Re: Japanese encoding? from Martin J. Duerst on 2000-04-19 (www-international@w3.org from April to June 2000)

From: Martin J. Duerst <duerst@w3.org>
Date: Wed, 19 Apr 2000 18:13:31 +0900
To: Santosh Rau <santosh@NetMind.com>, www-international@w3.org
Message-Id: <4.2.0.58.J.20000419175953.0350d240@sh.w3.mag.keio.ac.jp>
Below is some code that I wrote a few years ago, based
on some code by Jim Breen.

At 00/04/19 12:58 +0900, Santosh Rau wrote:
>Hello,
>
>Can someone point me to RFCs/documentation/Mozilla code which describes
>how 'auto-detection' in browsers (particularly Japanese) is really done.
>I have to write some code which can do some auto-detection if 'charset'
>is not specified by the web server.
>
>Thanks in advance
>
>Santosh

The code below is written for a particular C++ library,
but changing it to plain C or whatever should be very easy.

The advantage of the code below is that it also checks for
UTF-8.

Guessing is not really a good thing to do, but in this case
it's so widespread that it's difficult to do without.

Somewhere, the constants for eEOS, eUTF, eJIS,... have to be
defined.

The idea of the code is that it starts out assuming that
the input could be anything, and works as long is there is
still more than one solution.
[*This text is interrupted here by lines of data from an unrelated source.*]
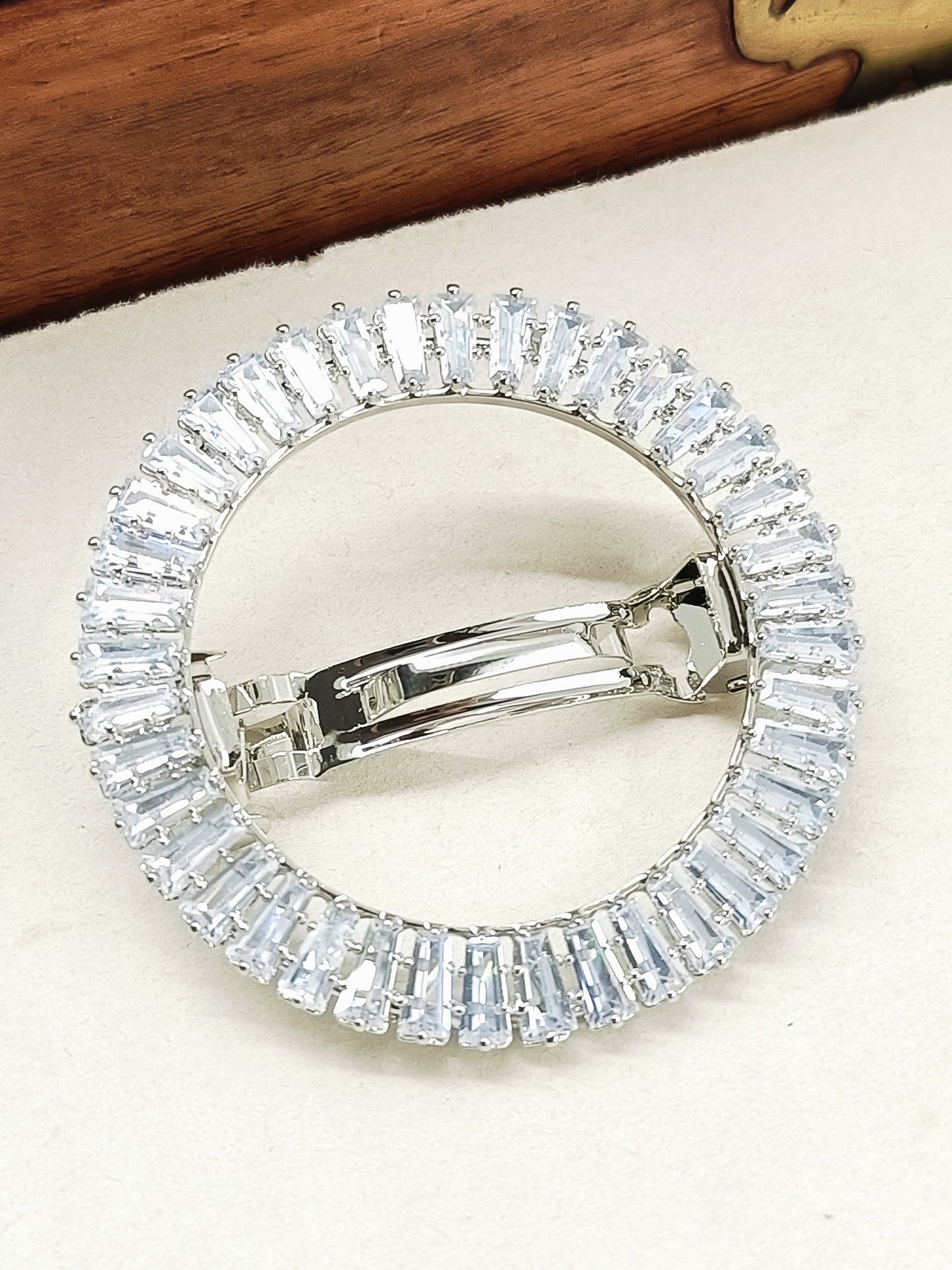 Sahiya Silver Hair Brooch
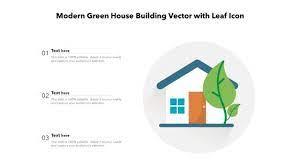 Modern Green House Building Vector With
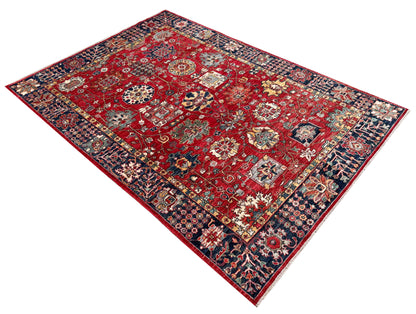 Turkmen weave Afghan,17th Century Safavid inspired,  268x183 cm | Rug# 27233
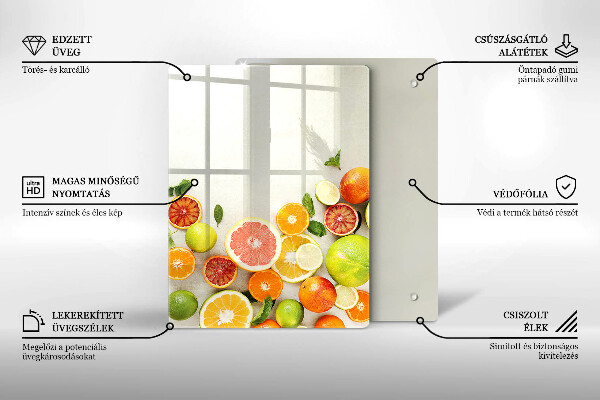 Induction hob protector Fruits citruses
The state machines for the
various encodings work in parallel.

No guarantees that this works correctly.

Regards,   Martin.


/---- GuessJapanese --------------------------------------------
int GuessJapanese (IStream &from)
{
         int status = eEOS | eUTF | eJIS;        // everything!
         u_char c;
         int sjisStatus = 0;
         int eucStatus = 0;
         Tab *utfT = utfTab;
         int utfC;
         while (from.get(c), !from.eof())  {
                 int variants = 0;
                 // JIS state machine
                 if (status & eJIS)  {
                         variants++;
                         if (status == eJIS)  {  // after escape, decide 
details
                                 if (c == 'K')  status = eNEC;
                                 else if (c == '$')  status = eNEW | eOLD, 
variants++;
                                 else if (c == '&')  status = eNEW;      // 
JIS 1990, eNEWER?
                         }
                         else if (status == (eNEW|eOLD))  {      // after 
escape and $
                                 if (c == 'B')  status = eNEW;
                                 else if (c == '@')  status = eOLD;
                                 else if (c == '(')  status = eNEW;      // 
JIS X 212
                                 else status = eNUL;
                         }
                         else if (c == 0x1b)  status = eJIS, 
variants++;         // escape
                         else if (c>127)  status &= ~eJIS;
                 }
                 // EUC state machine
                 if (status & eEUC)  {
                         variants++;
                         if (eucStatus == 0)
                                 if (c < 128)  ;
                                 else if (c == 142)  eucStatus = 2;      // 
set #2, half kana
                                 else if (c == 143)  eucStatus = 3;      // 
set #3, JIS-212
                                 else if (c>=128 && c<=160)  status &= ~eEUC;
                                 else eucStatus = 1;
                         else if (eucStatus == 1)
                                 if (c <= 160)  status &= ~eEUC;
                                 else  eucStatus = 0;
                         else if (eucStatus == 2)
                                 if (c<=160 || c>=224)  status &= ~eEUC;
                                 else  eucStatus = 0;
                         else // eucStatus == 3
                                 if (c>=128 && c<=160)  status &= ~eEUC;
                                 else eucStatus = 1;
                 }
                 // SJIS state machine
                 if (status & eSJS)  {
                         variants++;
                         if (!sjisStatus)
                                 if (c<128 || c>=161 && c<224)  ;
                                 else if (c==160 || c==128 || 
c>239)  status &= ~eSJS;
                                 else  sjisStatus = 1;
                         else
                                 if (c<64 || c>252 || c==127)  status &= ~eSJS;
                                 else  sjisStatus = 0;
                 }
                 // UTF state machine
                 if (status & eUTF)  {
                         variants++;
                         if (!utfT->shift)  utfC = c;
                         if (utfT->shift && ((c&0xC0) != 0x80))  status &= 
~eUTF;
                         else if ((utfC & utfT->cmask) == utfT->cval)  utfT 
= utfTab;
                         else if (!((++utfT)->cmask))  status &= ~eUTF;
                 }
                 if (variants <= 1)  break;
         }
         return  status;
}
Received on Wednesday, 19 April 2000 05:11:09 UTC